**Task requirements:**
From the line that contains "Korean version of" to the final line of the records below, print each line exactly and leave every picture out.

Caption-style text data
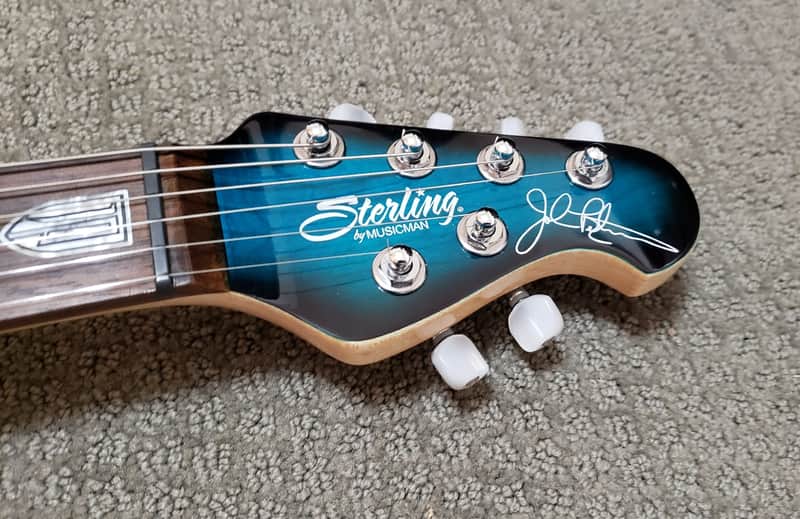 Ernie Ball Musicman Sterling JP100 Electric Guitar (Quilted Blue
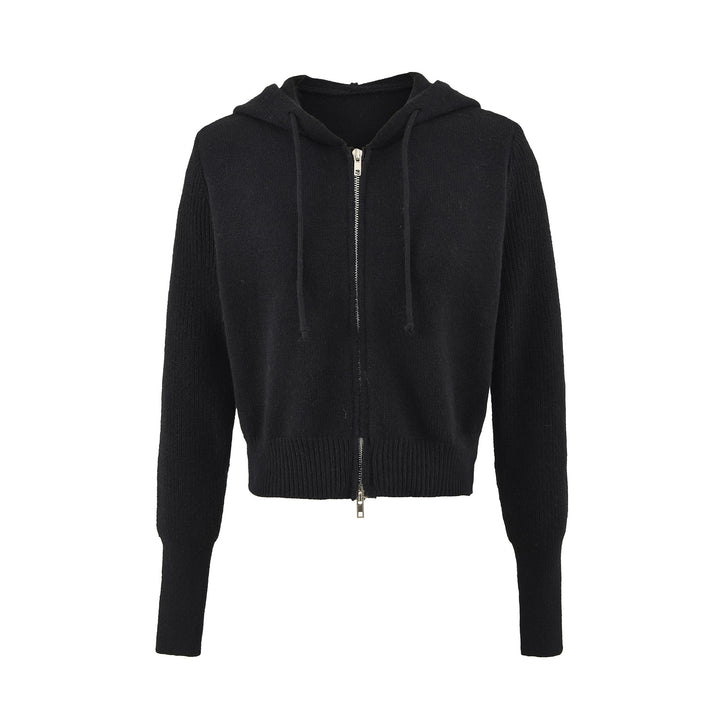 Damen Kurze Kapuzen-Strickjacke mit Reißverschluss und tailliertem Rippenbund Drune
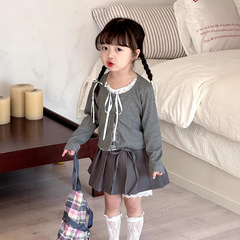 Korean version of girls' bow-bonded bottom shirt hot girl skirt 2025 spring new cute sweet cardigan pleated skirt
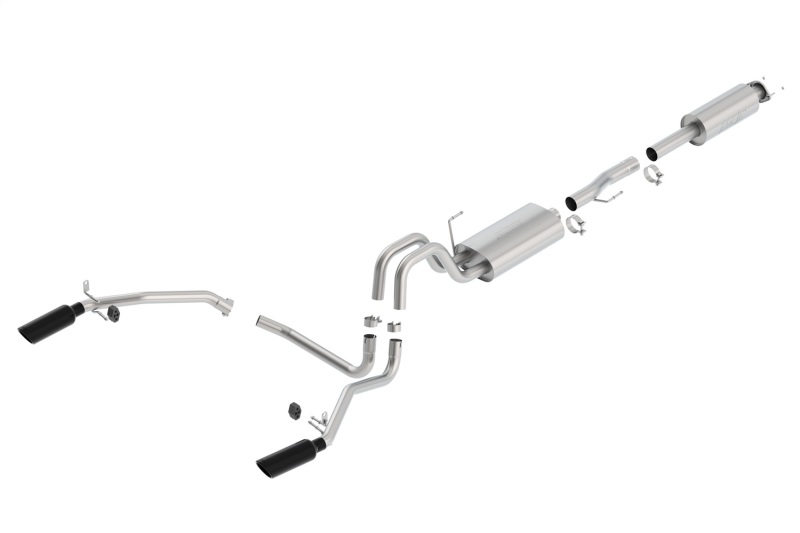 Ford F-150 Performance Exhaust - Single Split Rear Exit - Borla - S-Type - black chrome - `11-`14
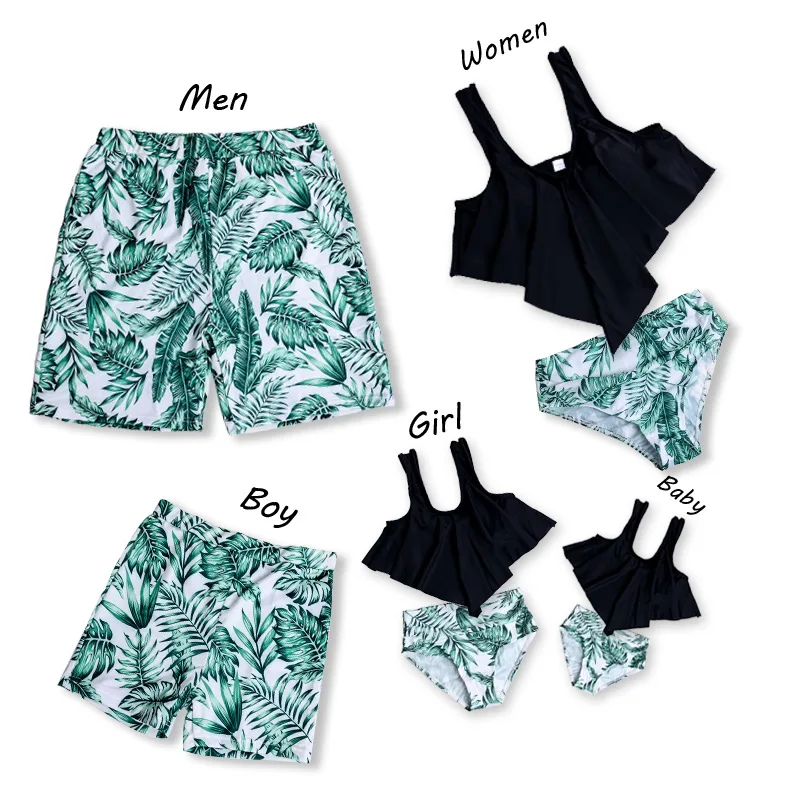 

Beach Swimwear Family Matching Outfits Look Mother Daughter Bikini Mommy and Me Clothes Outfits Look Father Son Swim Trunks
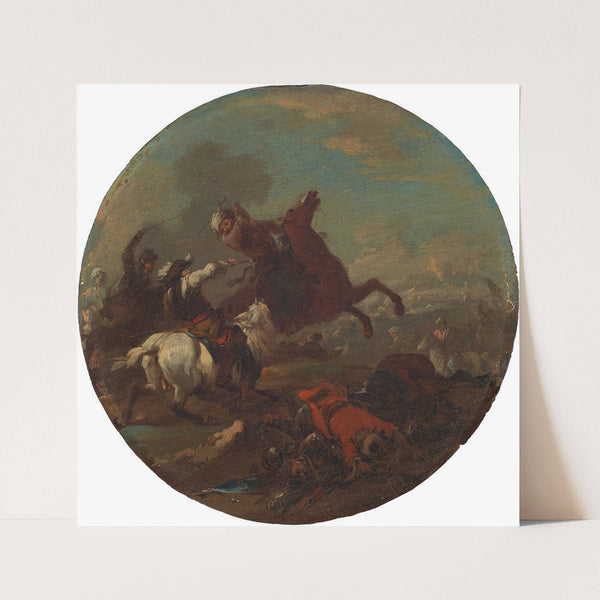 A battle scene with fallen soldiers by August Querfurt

**Result:**
 Korean version of girls' bow-bonded bottom shirt hot girl skirt 2025 spring new cute sweet cardigan pleated skirt
 Ford F-150 Performance Exhaust - Single Split Rear Exit - Borla - S-Type - black chrome - `11-`14

Beach Swimwear Family Matching Outfits Look Mother Daughter Bikini Mommy and Me Clothes Outfits Look Father Son Swim Trunks
 A battle scene with fallen soldiers by August Querfurt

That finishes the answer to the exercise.